Anti-Depressant Use In Children & Adolescents
McKenzie Pediatrics 2011
Parents of children and adolescents who suffer from major depression or severe anxiety, or who have attempted suicide or voiced intentions of self-harm, are understandably concerned about FDA’s “Black-Box Warning” regarding the use of anti-depressants in children under age 18 years. This handout attempts to address these concerns, and explain a little more about the warning.
The Back Story
In October of 2004, the FDA ordered pharmaceutical companies to add to anti-depressant advertisements, package inserts, and information sheets developed for patients and doctors a “black-box” warning (a statement in prominent, bold-faced type and framed by a black border) regarding pediatric use.
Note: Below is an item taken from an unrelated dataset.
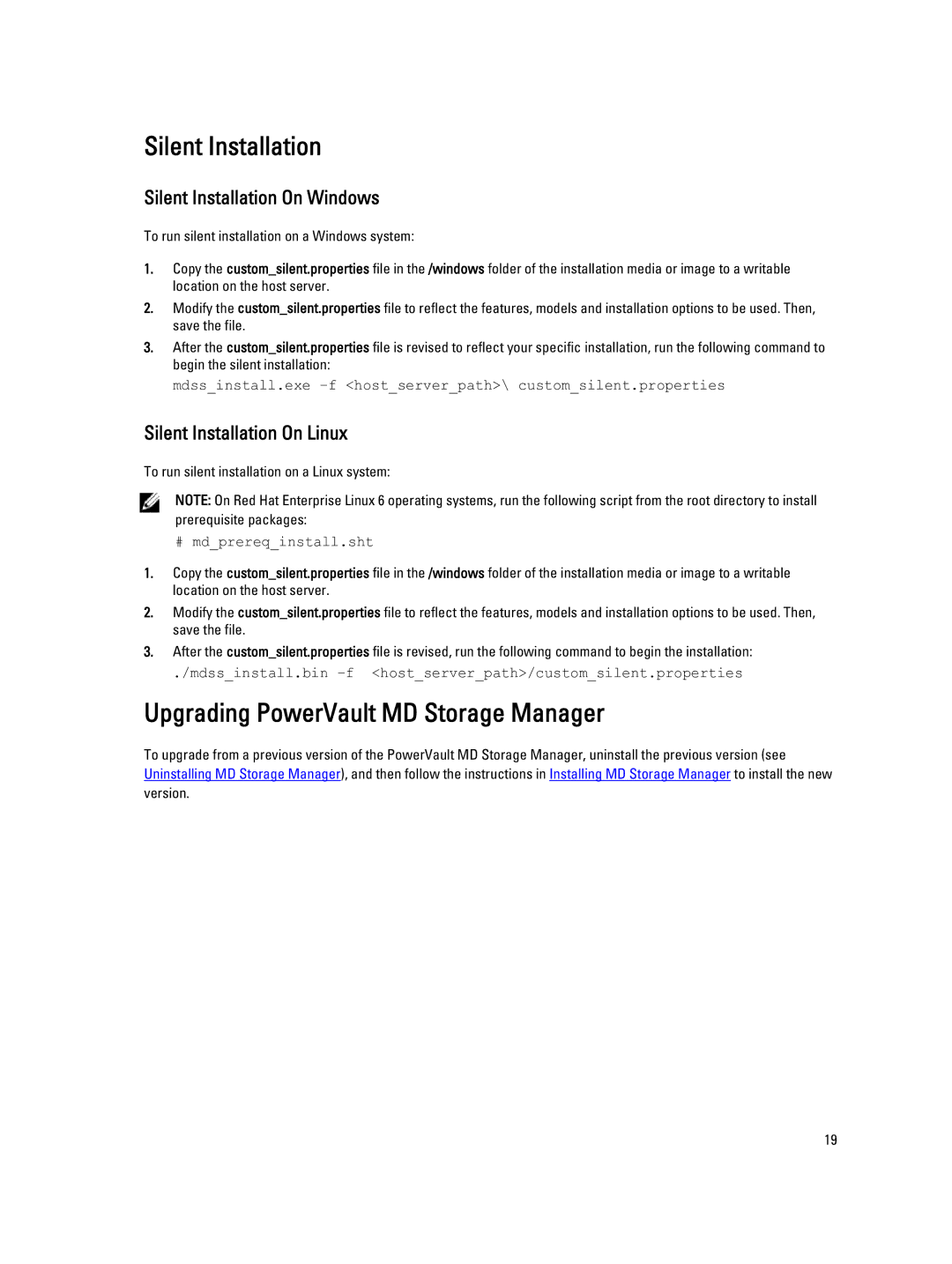 Dell MD3260 Upgrading PowerVault MD Storage Manager, Silent Installation On Windows, Silent Installation On Linux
Two committees charged with examining the occurrence of suicidality (suicidal thinking, behavior, or attempts) in teens with major depressive disorder (MDD) had recently concluded that there was a causal link between the newer antidepressants and pediatric suicidality.
An intense controversy and debate quickly followed within the medical profession, and within the greater society. Pediatric associations in a wide number of other countries voiced their disagreement with the FDA’s recommendations, as did the American Association of Child Psychiatry. Many experts outside the FDA have questioned the data used by the FDA to make its decision. As we’ll discuss further on, there’s more here than meets
Suicide & Depression in Older Children and Teens
Suicide is the third leading cause of death among young people aged 10 to 24 years, accounting for 7 percent of total deaths in youths aged 10 to 14 years and 12 percent of youths aged 15 to 24. Research has consistently found that between 15 and 20 percent of high-school students at some point have considered suicide, and that 3 percent had made an injurious suicide attempt. One in five adolescents will suffer a major depressive disorder at some time before graduation.
What Are the “Newer” Anti-Depressants?
The “newer” antidepressants targeted by the FDA are in the category of selective serotonin reuptake inhibitors (SSRIs), which include Prozac, Paxil, Zoloft, Celexa and others. These antidepressants have far fewer side effects than earlier generations of anti-depressants, and to date approximately 1 in 100 pre-teens or teens have been prescribed an SSRI at some time and for some period. SSRIs are generally used to treat – in conjunction with cognitive-behavioral therapy – major depression or severe anxiety. About 60 percent of prescriptions are written by psychiatrists, 20 percent by pediatricians, and 20 percent by family physicians.
The “black-box” warning does not prohibit the use of SSRIs in pediatric patients, but warns of a potential increased risk of suicidality in the first 4-8 weeks of taking medication. Physicians and parents are warned to more closely monitor the child or teen during this period of high-risk, including scheduling weekly visits, and never permitting the child or teen to be alone for extended periods.
But is it the medication that is increasing suicidality? Or is there another phenomenon ongoing? One study found that upon autopsy of several dozen teens who successful committed suicide within 4-6 weeks of starting an SSRI,
not one had detectable levels of the antidepressant in the bloodstream. Are perhaps adolescents, impulsive and impatient, more likely to consider or attempt suicide in the first few weeks after starting medication, simply because although medication takes 4-6 weeks to work, when it doesn’t immediately make them feel better some become fatally despondent?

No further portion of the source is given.